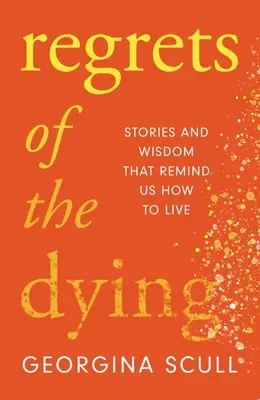 A haldoklók sajnálkozása: Történetek és bölcsességek, amelyek emlékeztetnek minket arra, hogyan éljünk - Regrets of the Dying: Stories and Wisdom That Remind Us How to Live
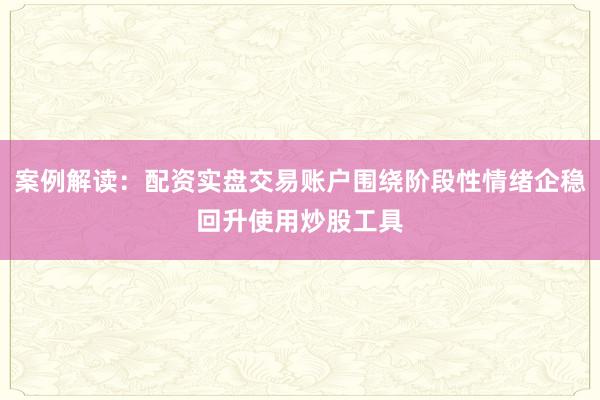 案例解读：配资实盘交易账户围绕阶段性情绪企稳回升使用炒股工具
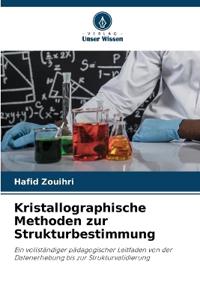 Kristallographische Methoden zur Strukturbestimmung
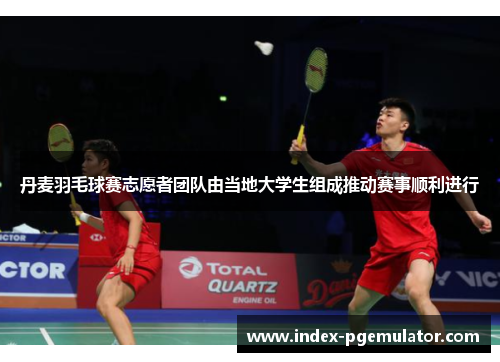 丹麦羽毛球赛志愿者团队由当地大学生组成推动赛事顺利进行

──────────

[WHAT TO PRODUCE]:
Write the listing out exactly, word for word, but omit the pictures.

[OUTPUT FOR THIS TASK]:
 A haldoklók sajnálkozása: Történetek és bölcsességek, amelyek emlékeztetnek minket arra, hogyan éljünk - Regrets of the Dying: Stories and Wisdom That Remind Us How to Live
 案例解读：配资实盘交易账户围绕阶段性情绪企稳回升使用炒股工具
 Kristallographische Methoden zur Strukturbestimmung
 丹麦羽毛球赛志愿者团队由当地大学生组成推动赛事顺利进行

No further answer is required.